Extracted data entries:

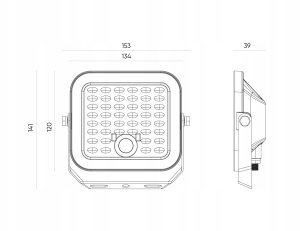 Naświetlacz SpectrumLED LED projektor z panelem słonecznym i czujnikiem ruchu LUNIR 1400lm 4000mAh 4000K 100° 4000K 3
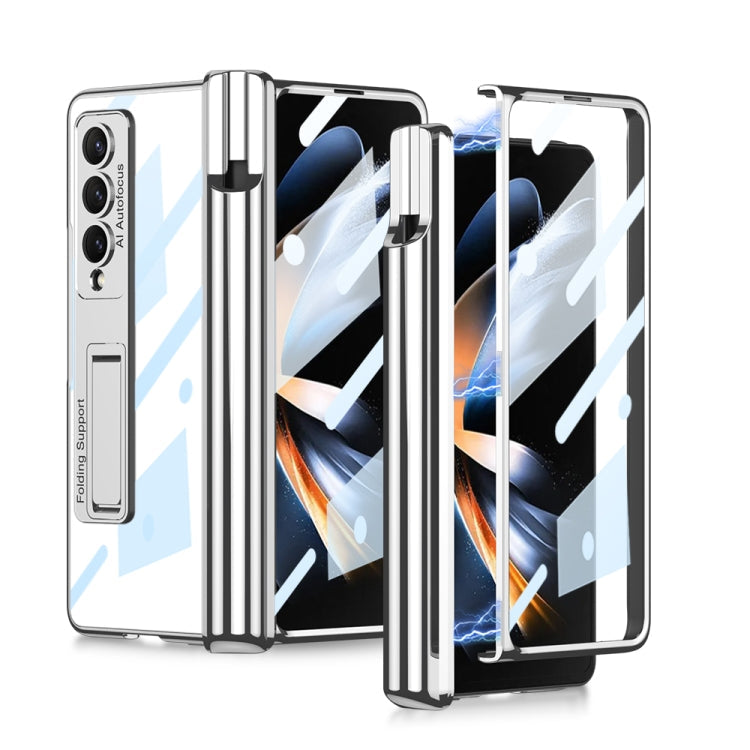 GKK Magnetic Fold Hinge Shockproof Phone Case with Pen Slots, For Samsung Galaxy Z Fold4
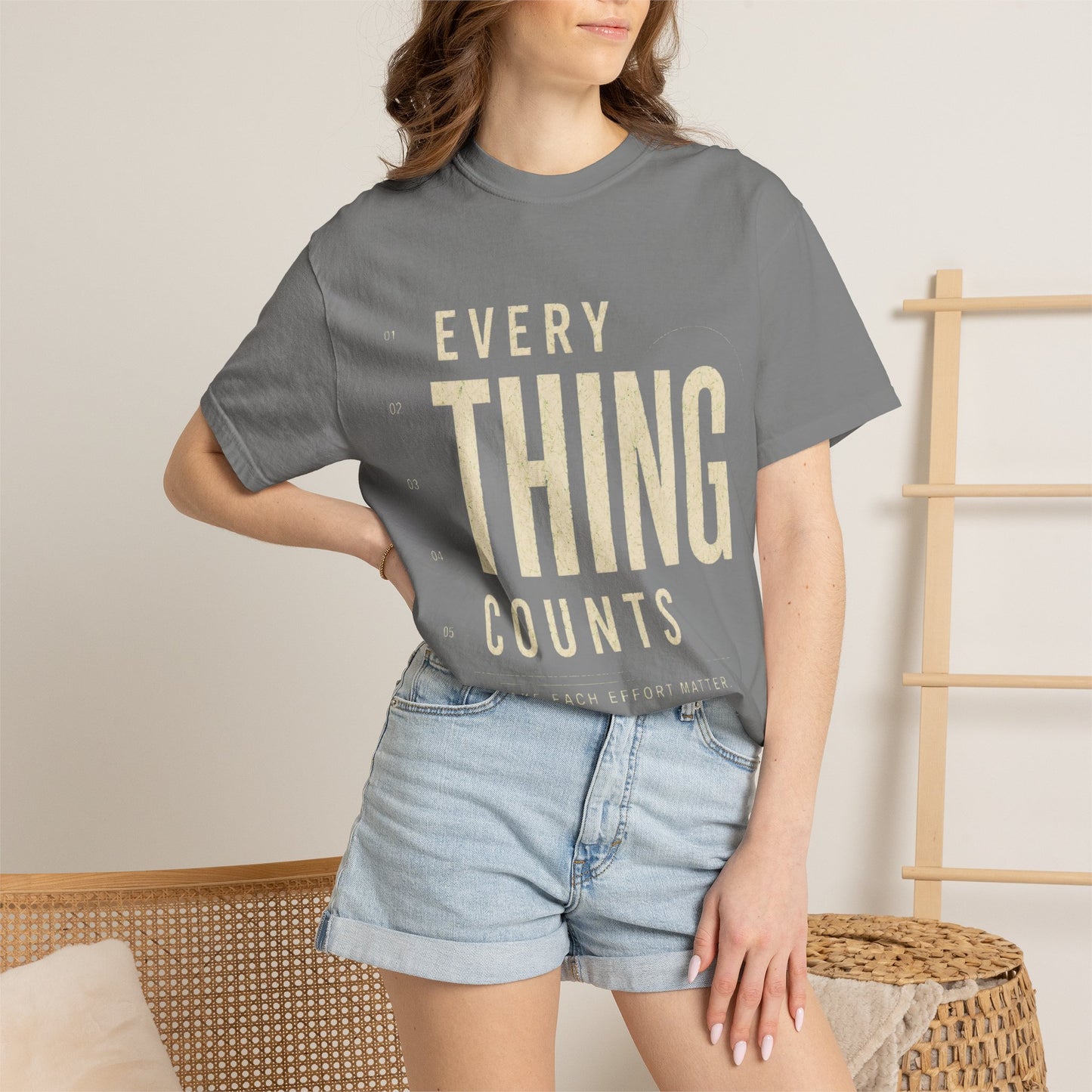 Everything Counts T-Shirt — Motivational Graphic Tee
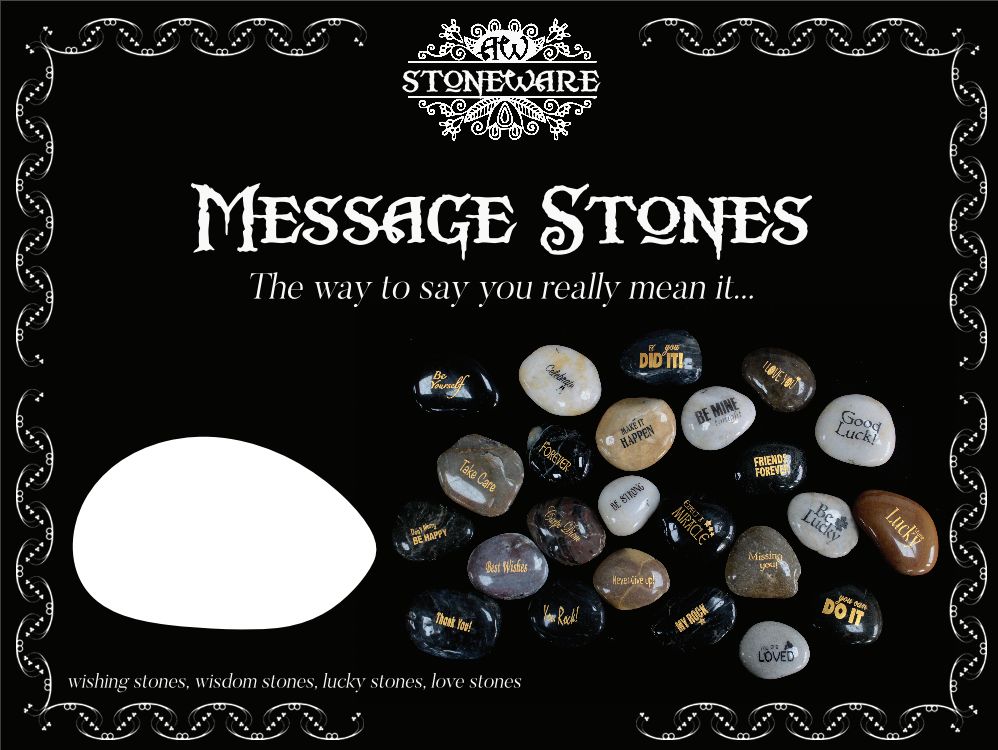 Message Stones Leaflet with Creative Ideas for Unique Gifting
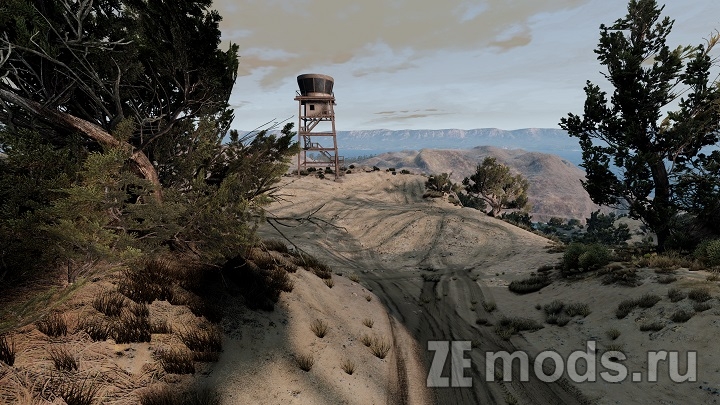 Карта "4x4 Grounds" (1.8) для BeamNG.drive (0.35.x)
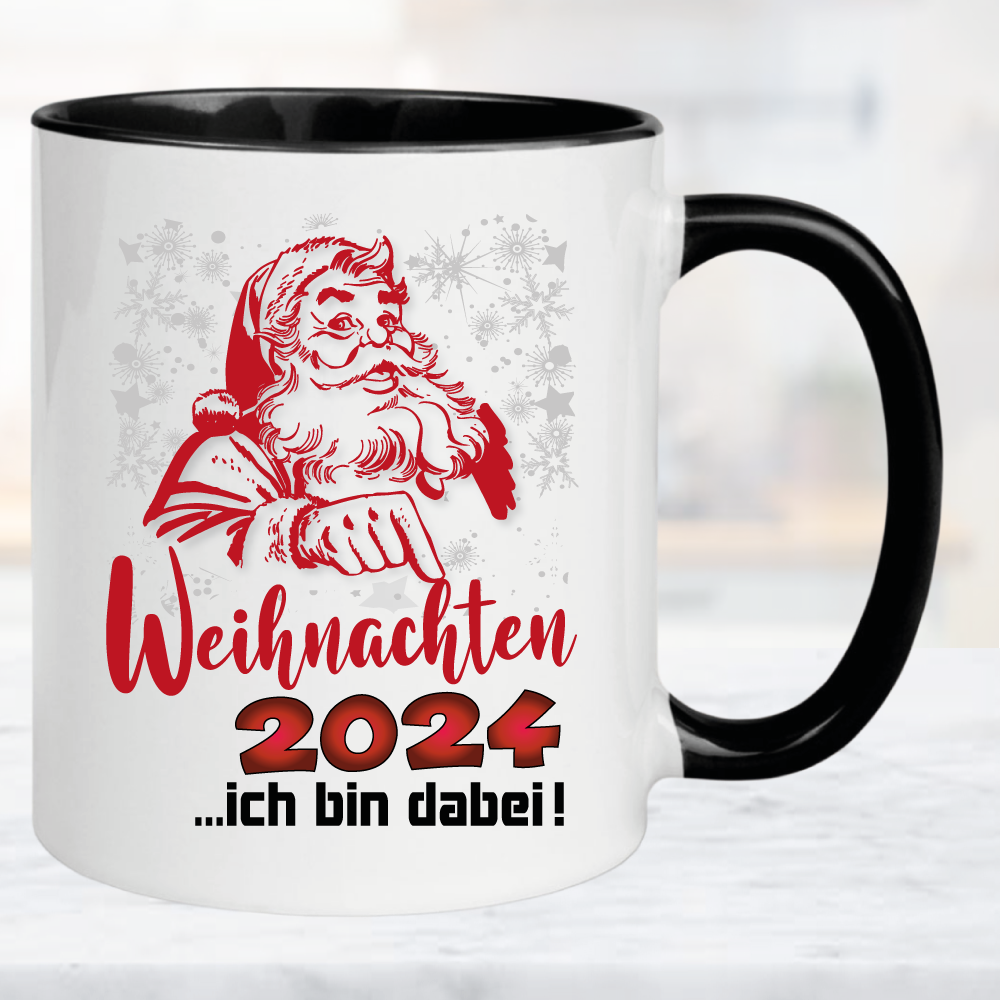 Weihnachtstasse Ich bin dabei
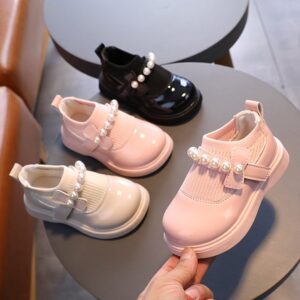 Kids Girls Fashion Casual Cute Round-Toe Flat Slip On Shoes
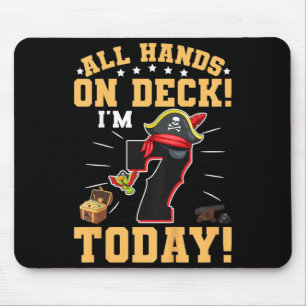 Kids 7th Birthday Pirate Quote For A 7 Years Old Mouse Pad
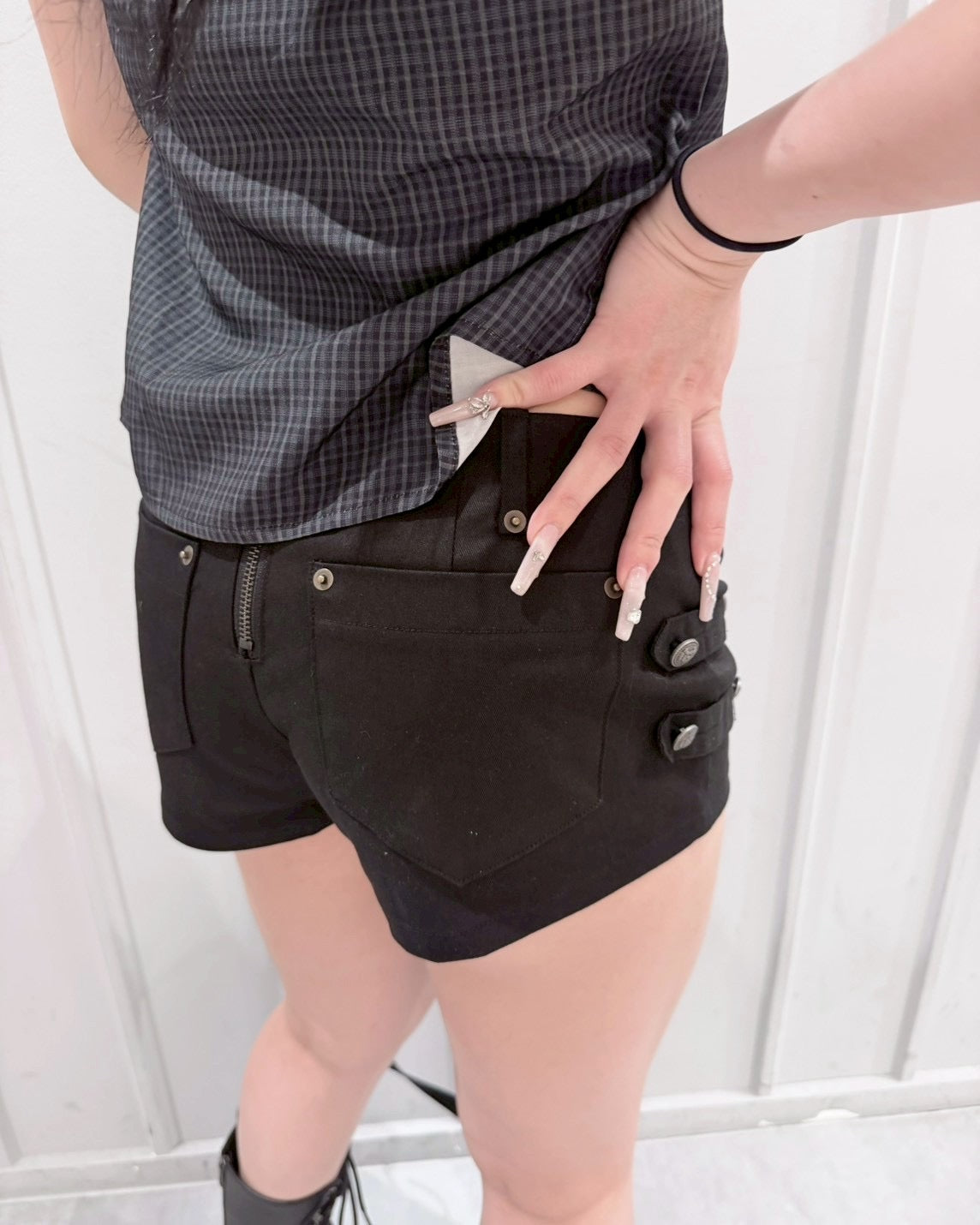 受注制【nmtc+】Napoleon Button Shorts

WHAT TO DO
What is needed is an exact repetition of every line from the line with "Kids 7th Birthday" to the end of the data above, both ends included, with no pictures.

SOLUTION TO THE EXERCISE
 Kids 7th Birthday Pirate Quote For A 7 Years Old Mouse Pad
 受注制【nmtc+】Napoleon Button Shorts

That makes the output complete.